Ken Burke, the Pinellas County Clerk and Comptroller, announced 290 people with felony convictions have contacted the Clerk, and have been able to pay the assessed fines and fees in order to restore their right to vote.
The Pinellas County Clerk of Court Office has collected $298,629 in felon fees and fines, according to a news release, although it did not specify a span of time nor how many people contributed to that amount. The office’s announcement follows a decision from the 11th U.S. Circuit Court of Appeals, which ruled the state could require felons to pay fines, restitution and legal fees before they can regain their right to vote.
The money from these fines and fees is distributed based on the statutory fee and fine schedule, which includes broad categories of distribution such as to the State of Florida, the Clerks of Court State Trust Fund, Pinellas County, and local municipalities, among others.
When inquiring about the amount due in order to have voting rights restored, Burke says it is important to identify the inquiry as related to voting rights, since the amount usually differs from the total amount due.
That’s due to several factors, including probation violations that could alter the amount due in order to have voting rights restored, as well as if the court allowed for community service hours to offset fees. Also, if the Court modified the original sentencing document, the calculation of the modification must be taken into account.
There are also several items not necessary in order for the restoration of voting rights, including statutory late fees, collection fees as prescribed by statute, interest on a civil judgment related to the fines and fees and fines and fees assessed on a withhold of adjudication.

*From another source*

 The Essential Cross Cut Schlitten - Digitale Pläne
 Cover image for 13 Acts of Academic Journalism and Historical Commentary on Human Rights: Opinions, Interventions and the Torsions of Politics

“In Pinellas, we have provided training to our call center and criminal court customer service staff on the proper handling of inquiries related to the amounts due to satisfy the restoration of voting rights requirement,” Burke said in a news release. “The court’s dissenting opinion and some news stories have pointed out confusion when inquiring as to the amount due, and we have put training in place to minimize this.”
Although ultimately the Supervisor of Elections and the Secretary of State are responsible for determining a person’s eligibility to vote, the Clerk is responsible for collecting balances due.
The recent ruling by the Atlanta-based appeals court overturned a district judge’s ruling, which said the state cannot deny the right to vote to felons who are “genuinely unable to pay” court-ordered debts.
Floridians already voted on the issue with 64% voting in favor of a 2018 constitutional amendment that restored non-violent felon voting rights after they completed their sentences. The legal dispute arose after lawmakers looked to define what it means to complete a sentence, siding with the state that returning felons must satisfy all court fines and fees and restitution before rights are restored.
About a third of the state’s 1.4 million convicted felons who are unable to vote are Black. If all 1.4 million eligible former felons registered to vote, they would make up roughly 10% of the voting population in the state, according to ABC news.
A statewide Best Practice was adopted after careful study, and a recommended uniform payoff form was developed.
A listing of the key contact phone number and email address for each Clerk’s office is also in the process of being compiled to help Pinellas County residents making an inquiry related to a felony conviction in another county quickly.